The woman identified on the French beach, known only as Siam, exercised her agency to do the same. And French police – the keepers of the justice system, the ones who preach “freedom, equality, brotherhood” – completely freaked out about it, and forced her to strip off her long-sleeved top and scarf on a public beach in front of strangers, humiliating her in front of her crying daughter.

Telling a certain group of women what they can or cannot wear on the beach is a form of imperialism. You wouldn’t tell a surfer not to wear a wetsuit, or ask a nun to remove her habit. So why the special attention on Muslim women?

Because gendered Islamophobia is a thing. You see, the French do not seem to have a problem with the clothing itself. They have a problem with the wearer, and the faith that she is so boldly practising by dressing in a certain way. This, of course, feeds into a long history of the French not quite being able to accept Muslim women by virtue of nothing other than the way that they’re dressed. Fanon wrote an entire chapter on the anxieties that covered-up Algerian women posed to French colonisers in their conquests of Algiers in the 19th century.

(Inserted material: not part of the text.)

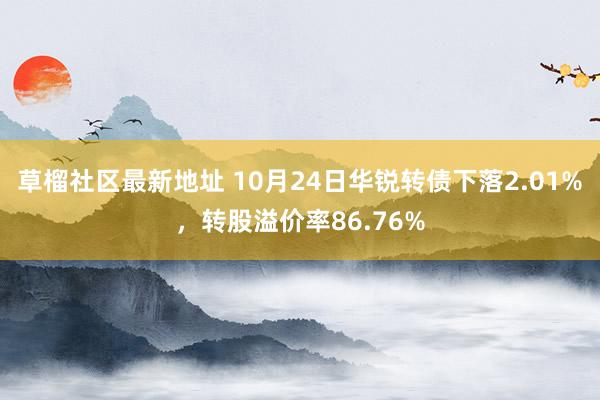 草榴社区最新地址 10月24日华锐转债下落2.01%，转股溢价率86.76%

The French have a cognitive dissonance when it comes to Muslims. They are so preoccupied with promoting their idea of secularism that they cannot accept Islam and its somewhat conservative nature. They preach “freedom, equality, brotherhood,” but even though immigrants from North Africa make up a massive portion of their population, they are still too closed off to accept the reality of multiculturalism.

They refuse to acknowledge the legacies of colonialism which they continue to promulgate – the fact that they went into these countries, could not accept these people as they were there, displaced them so that they had no option but to come to France – and even there, continue to make it clear that they do not belong and cannot be accepted.

But France is not the only one guilty of treating Muslim women badly. Mainstream media is complicit in reinforcing a certain narrative of what a “Muslim woman” is – and find no issue with drawing their own reductionist conclusions. A 2010 research report by Michelle Byng found that “the media have represented Islam and Muslims as culturally incompatible with the values, norms, and interests of Western nations.” Also in 2010, Laura Navarro researched the links to sexism and Islamophobia and found, “The Western mass media tend to construct an image of Muslim women using a discourse dominated by the notions of passiveness and victimisation… in a minority of cases, also portray a seemingly positive image of “liberated Muslim women”, closely linked to their “Western-style clothes” and/or their economic success. This reductionist construction on the part of the mass media tends to erode the social, cultural and economic diversity of Muslim women…”.

When are we going to stop talking about Muslim women only through the archaic and Orientalist lens of the veil? Anthropologist Lila Abu-Lughod wrote in 2002 – post-9/11 – when the invasion of Afghanistan was justified as a mission to “save the women”: “We must take care not to reduce the diverse situations and attitudes of millions of Muslim women to a single item of clothing.”

To publicly observe hijab in 2016, it seems, has become a revolutionary act. But this is nothing more than structural oppression continuing to manifest itself – and for that to be the case in 2016 is ridiculous.

And on that note – when are white feminists going to see this, call it out, and stand in solidarity against it instead of siding with with an imperialist government with a patriarchal agenda, obsessed with controlling the way that women dress under the guise of “saving” or “rescuing” these women from their own religion?

Muslim women’s bodies are not spaces to fight people’s bigotry. The sooner we realise that, the better.